> [Directions for this task] From the entries below, please output exactly the lines starting at the one containing "METRON ΚΥΒΟΣ ΜΕΤΑΛΛΙΚΟΣ" and ending at the one containing "Vitafoam Erica 91Cm Skuimrubber Matras-Elk", both included.

> [Source data]
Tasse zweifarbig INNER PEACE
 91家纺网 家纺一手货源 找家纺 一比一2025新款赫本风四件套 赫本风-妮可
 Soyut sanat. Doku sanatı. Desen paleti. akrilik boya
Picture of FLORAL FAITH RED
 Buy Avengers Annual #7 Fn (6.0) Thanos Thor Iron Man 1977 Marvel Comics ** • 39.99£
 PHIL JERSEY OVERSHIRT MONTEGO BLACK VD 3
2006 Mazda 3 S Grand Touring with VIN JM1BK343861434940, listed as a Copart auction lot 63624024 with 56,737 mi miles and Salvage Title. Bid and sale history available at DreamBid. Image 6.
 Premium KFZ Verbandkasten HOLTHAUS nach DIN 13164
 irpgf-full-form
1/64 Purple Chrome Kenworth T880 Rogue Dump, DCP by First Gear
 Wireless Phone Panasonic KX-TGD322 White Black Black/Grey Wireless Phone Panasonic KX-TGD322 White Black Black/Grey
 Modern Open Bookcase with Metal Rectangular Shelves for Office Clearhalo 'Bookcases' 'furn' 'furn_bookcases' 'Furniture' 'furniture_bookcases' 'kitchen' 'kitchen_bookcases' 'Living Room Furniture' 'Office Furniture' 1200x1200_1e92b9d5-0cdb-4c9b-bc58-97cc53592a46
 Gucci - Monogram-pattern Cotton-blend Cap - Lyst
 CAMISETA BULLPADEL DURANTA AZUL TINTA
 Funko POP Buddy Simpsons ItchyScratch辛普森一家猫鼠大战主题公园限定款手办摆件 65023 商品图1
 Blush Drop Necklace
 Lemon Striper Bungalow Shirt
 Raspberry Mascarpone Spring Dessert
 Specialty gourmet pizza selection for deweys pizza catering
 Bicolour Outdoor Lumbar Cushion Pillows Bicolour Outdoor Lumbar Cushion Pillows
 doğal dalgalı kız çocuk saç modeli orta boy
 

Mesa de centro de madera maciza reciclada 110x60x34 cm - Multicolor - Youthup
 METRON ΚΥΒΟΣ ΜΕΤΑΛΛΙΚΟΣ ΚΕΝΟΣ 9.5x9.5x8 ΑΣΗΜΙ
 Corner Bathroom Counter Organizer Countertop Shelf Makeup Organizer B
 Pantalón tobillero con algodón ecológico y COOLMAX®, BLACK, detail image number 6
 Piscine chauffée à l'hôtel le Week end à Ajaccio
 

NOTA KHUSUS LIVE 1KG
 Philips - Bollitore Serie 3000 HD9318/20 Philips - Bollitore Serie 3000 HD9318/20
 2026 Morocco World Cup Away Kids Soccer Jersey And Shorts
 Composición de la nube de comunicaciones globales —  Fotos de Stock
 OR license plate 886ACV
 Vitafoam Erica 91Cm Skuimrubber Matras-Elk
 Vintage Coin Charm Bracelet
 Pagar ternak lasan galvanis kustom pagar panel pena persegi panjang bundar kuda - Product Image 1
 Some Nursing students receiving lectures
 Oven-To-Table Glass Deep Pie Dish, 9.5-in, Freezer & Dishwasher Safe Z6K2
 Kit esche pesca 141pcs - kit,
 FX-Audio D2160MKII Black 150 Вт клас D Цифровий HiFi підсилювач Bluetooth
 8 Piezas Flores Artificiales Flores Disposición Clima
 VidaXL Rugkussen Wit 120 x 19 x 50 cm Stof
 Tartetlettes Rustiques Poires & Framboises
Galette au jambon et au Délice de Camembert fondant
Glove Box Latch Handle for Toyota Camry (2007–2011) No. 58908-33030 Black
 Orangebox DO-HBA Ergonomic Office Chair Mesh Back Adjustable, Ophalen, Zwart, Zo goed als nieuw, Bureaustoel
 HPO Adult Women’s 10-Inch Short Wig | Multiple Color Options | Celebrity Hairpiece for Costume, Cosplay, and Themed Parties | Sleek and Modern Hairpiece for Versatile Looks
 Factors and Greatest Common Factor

> [Answer box]
 METRON ΚΥΒΟΣ ΜΕΤΑΛΛΙΚΟΣ ΚΕΝΟΣ 9.5x9.5x8 ΑΣΗΜΙ
 Corner Bathroom Counter Organizer Countertop Shelf Makeup Organizer B
 Pantalón tobillero con algodón ecológico y COOLMAX®, BLACK, detail image number 6
 Piscine chauffée à l'hôtel le Week end à Ajaccio
 

NOTA KHUSUS LIVE 1KG
 Philips - Bollitore Serie 3000 HD9318/20 Philips - Bollitore Serie 3000 HD9318/20
 2026 Morocco World Cup Away Kids Soccer Jersey And Shorts
 Composición de la nube de comunicaciones globales —  Fotos de Stock
 OR license plate 886ACV
 Vitafoam Erica 91Cm Skuimrubber Matras-Elk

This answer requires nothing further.